### Source records
BEGIN

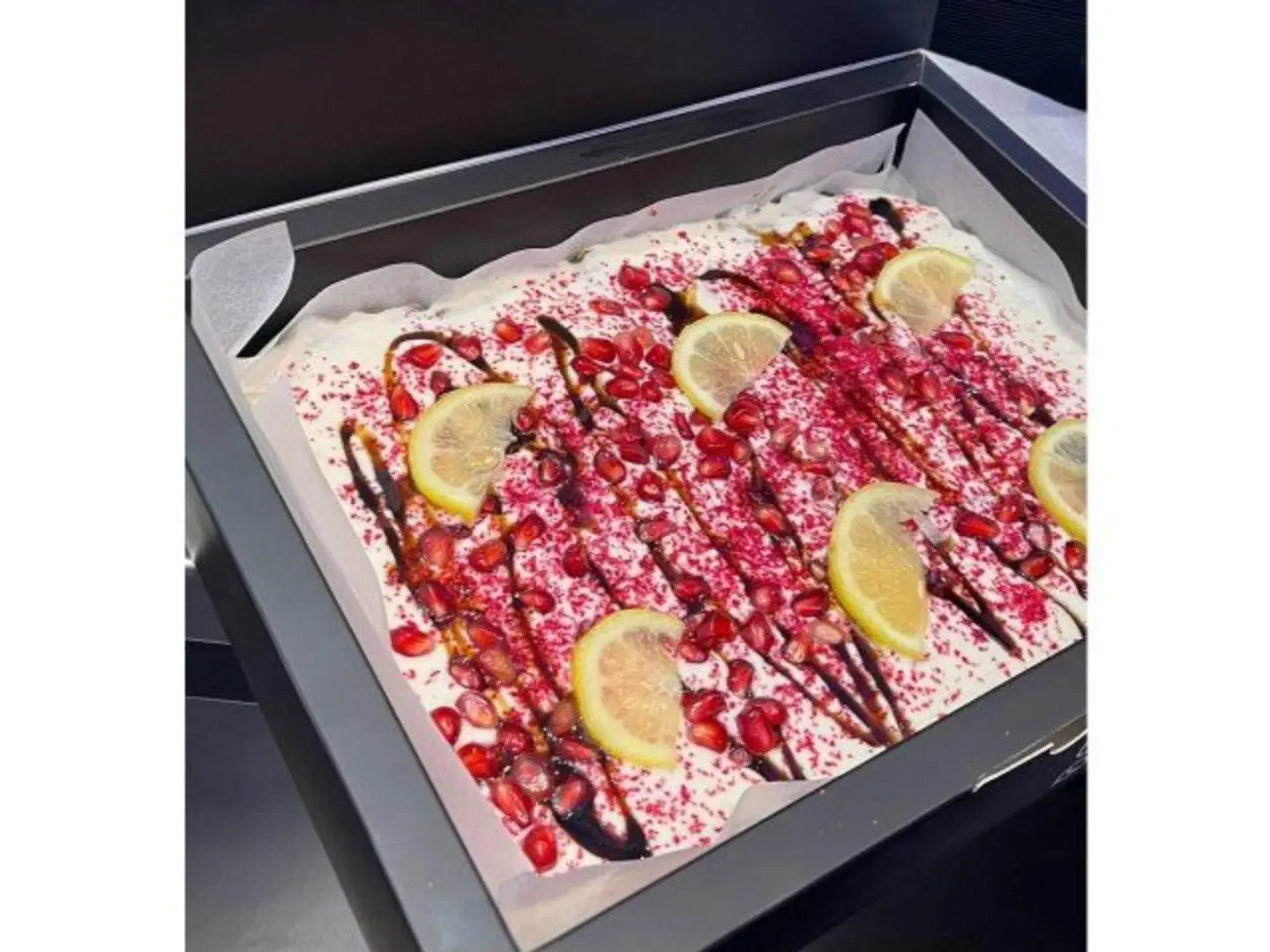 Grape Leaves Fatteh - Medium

END
BEGIN

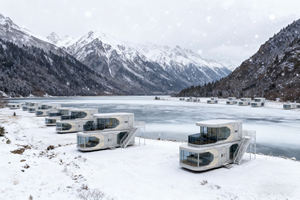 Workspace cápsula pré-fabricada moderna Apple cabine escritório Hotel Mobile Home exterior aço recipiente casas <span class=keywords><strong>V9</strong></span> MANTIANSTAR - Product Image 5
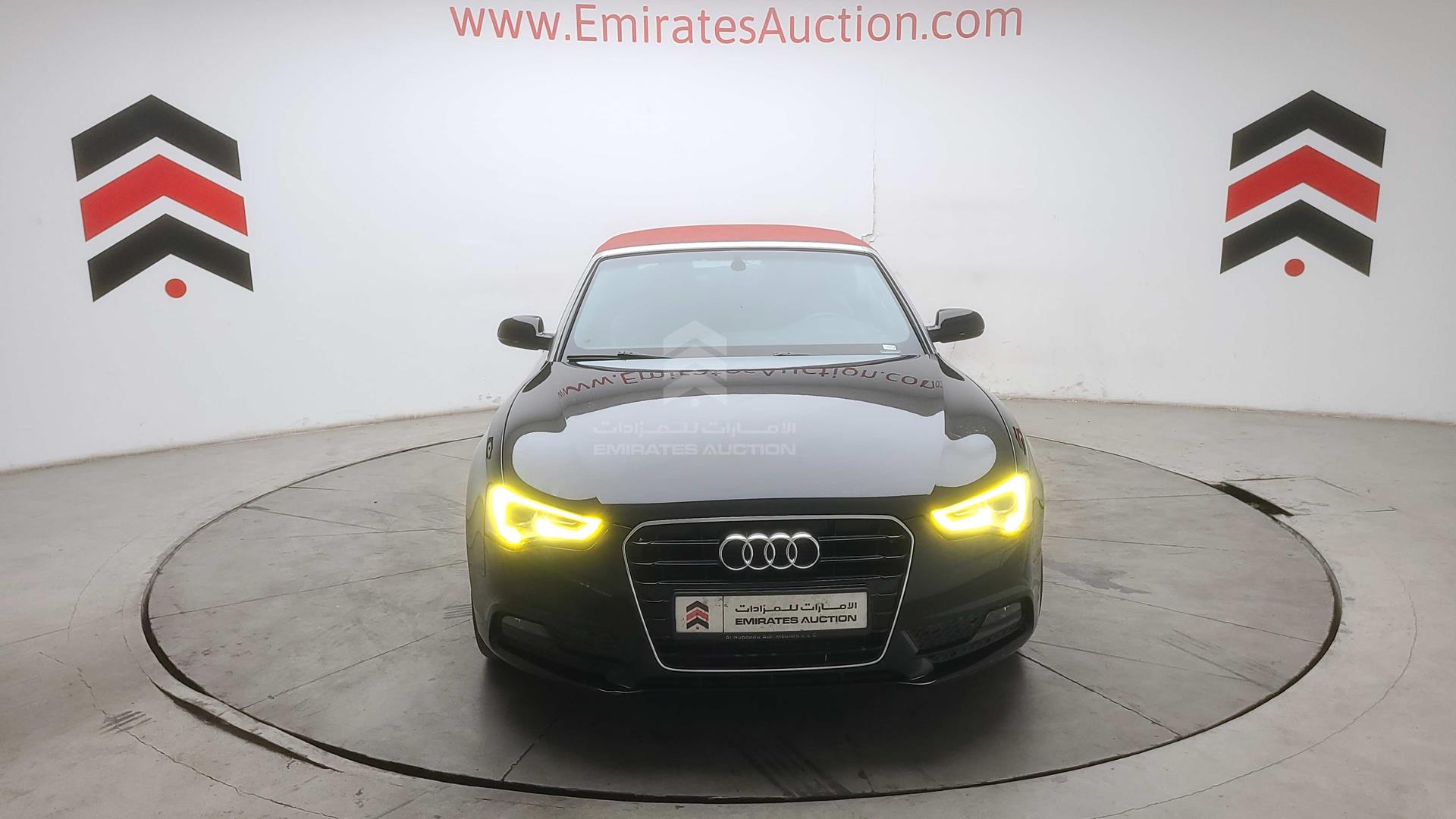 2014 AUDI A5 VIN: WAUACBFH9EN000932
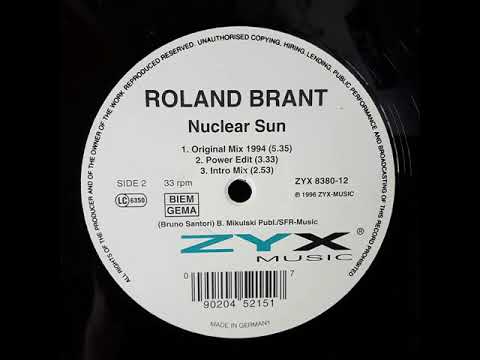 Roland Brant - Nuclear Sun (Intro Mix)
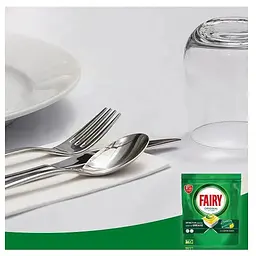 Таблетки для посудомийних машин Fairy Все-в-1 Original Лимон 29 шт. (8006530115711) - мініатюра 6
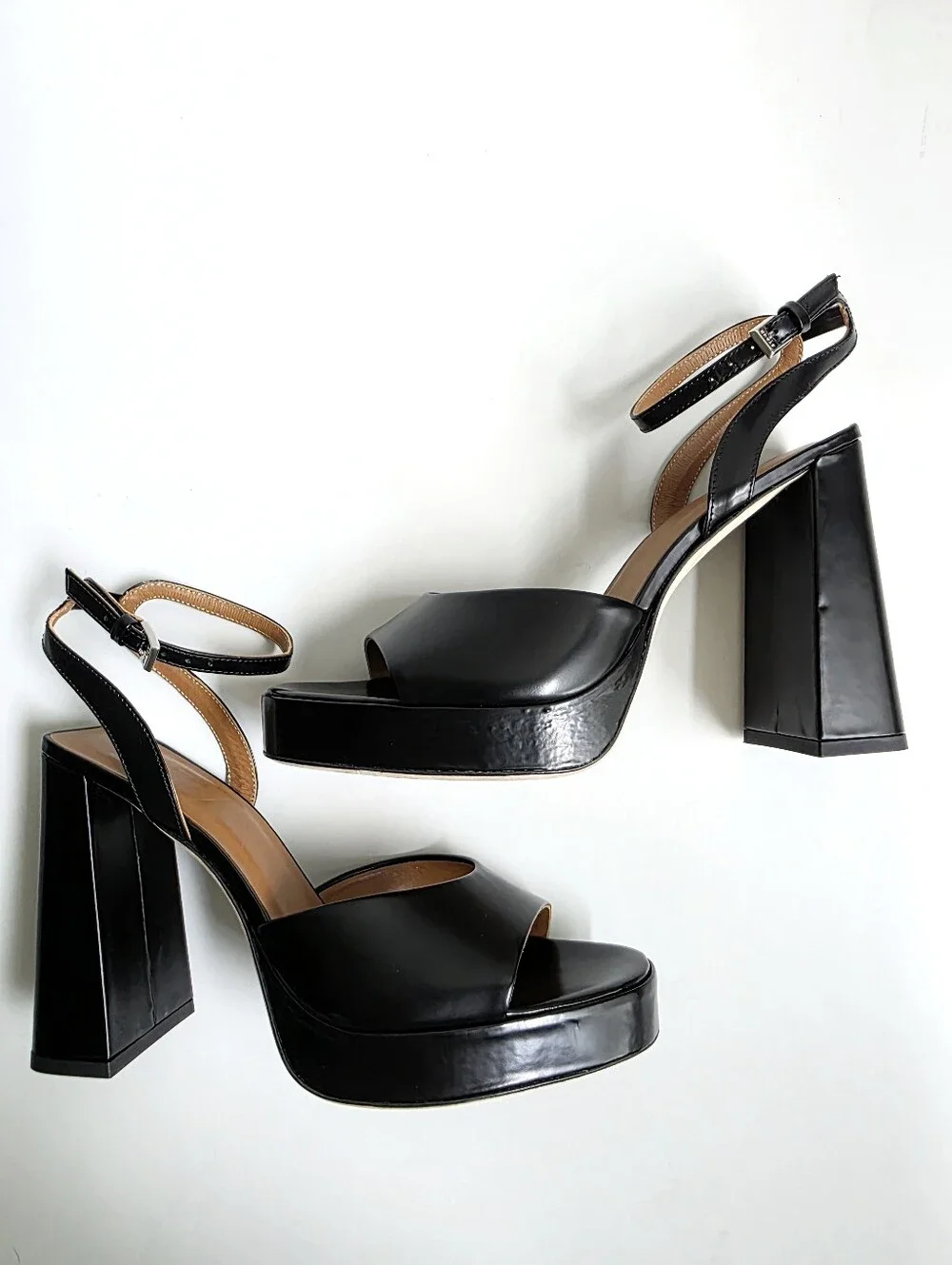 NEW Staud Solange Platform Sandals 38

END

From the records above, copy exactly the lines starting at the one with "2014 AUDI A5 VIN: WAUACBFH9EN000932" and ending at the one with "NEW Staud Solange Platform Sandals 38", and no others. Pictures stay out.

### Exercise answer
 2014 AUDI A5 VIN: WAUACBFH9EN000932
 Roland Brant - Nuclear Sun (Intro Mix)
 Таблетки для посудомийних машин Fairy Все-в-1 Original Лимон 29 шт. (8006530115711) - мініатюра 6
 NEW Staud Solange Platform Sandals 38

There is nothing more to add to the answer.